= WHAT IS NEEDED =
Only the lines below starting at the one that contains "X0000103171238200808221227" and ending at the one that contains "Photo grow up" are to be reproduced, exactly and with both ends kept.

= SUPPLIED DATA =
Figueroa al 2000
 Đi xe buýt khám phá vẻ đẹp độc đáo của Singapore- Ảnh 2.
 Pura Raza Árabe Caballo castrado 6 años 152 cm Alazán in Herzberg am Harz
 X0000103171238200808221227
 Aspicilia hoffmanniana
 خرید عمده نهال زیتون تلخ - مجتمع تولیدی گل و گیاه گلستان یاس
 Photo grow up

--

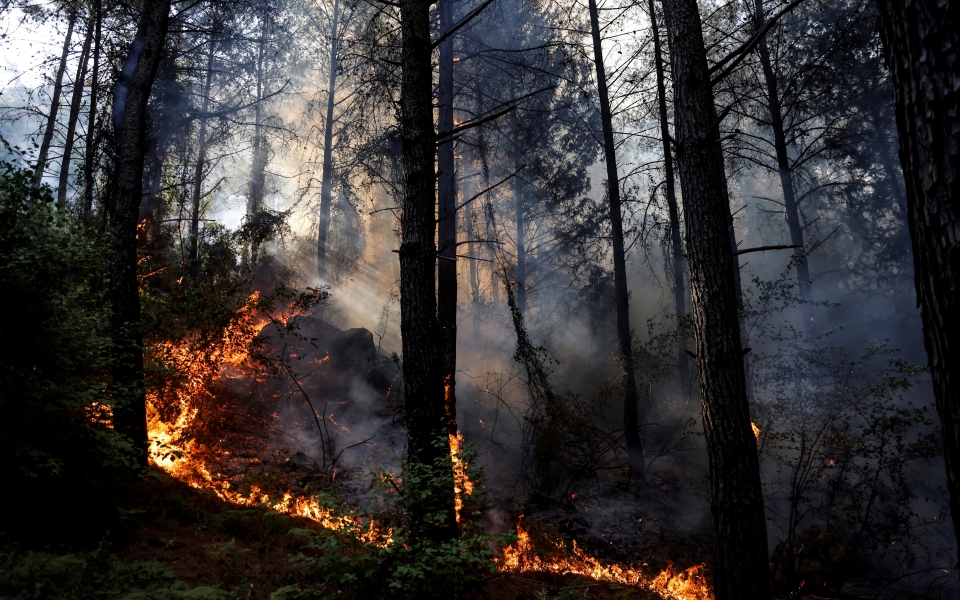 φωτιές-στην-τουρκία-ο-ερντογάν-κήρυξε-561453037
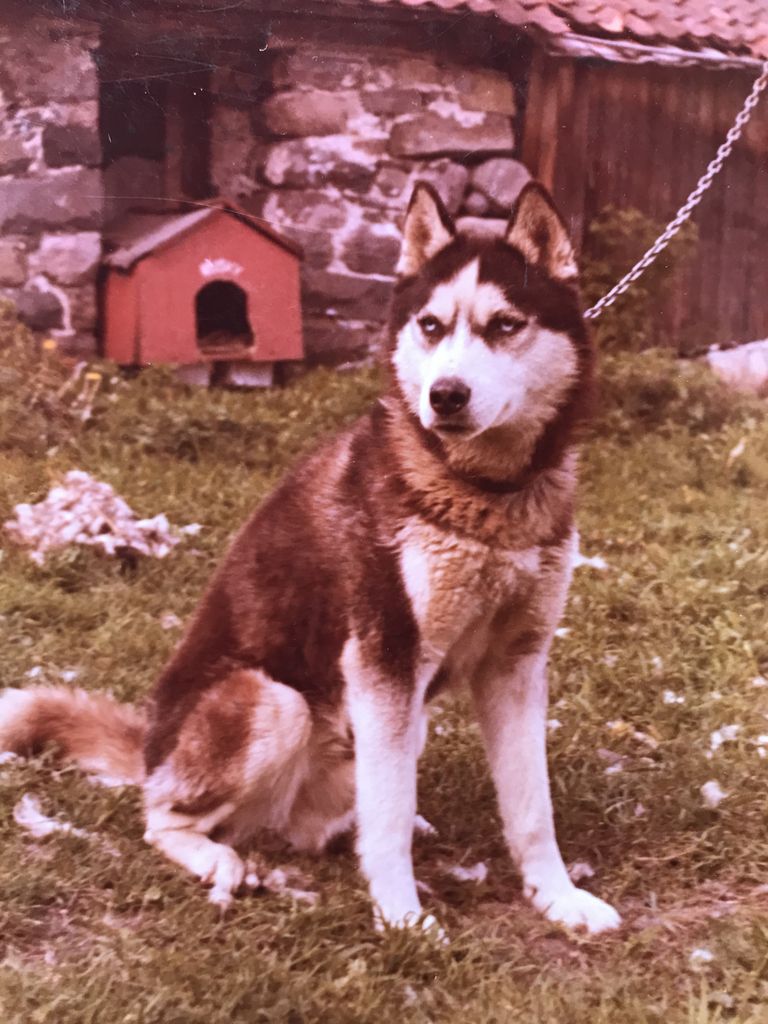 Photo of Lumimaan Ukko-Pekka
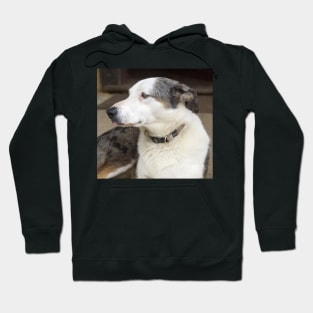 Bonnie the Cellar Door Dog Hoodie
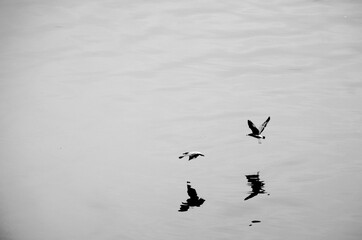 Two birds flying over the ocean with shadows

--

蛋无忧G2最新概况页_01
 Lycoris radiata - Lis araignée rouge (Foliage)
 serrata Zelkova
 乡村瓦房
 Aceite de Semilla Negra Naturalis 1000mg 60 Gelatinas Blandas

= ANSWER TO THIS PROBLEM =
 X0000103171238200808221227
 Aspicilia hoffmanniana
 خرید عمده نهال زیتون تلخ - مجتمع تولیدی گل و گیاه گلستان یاس
 Photo grow up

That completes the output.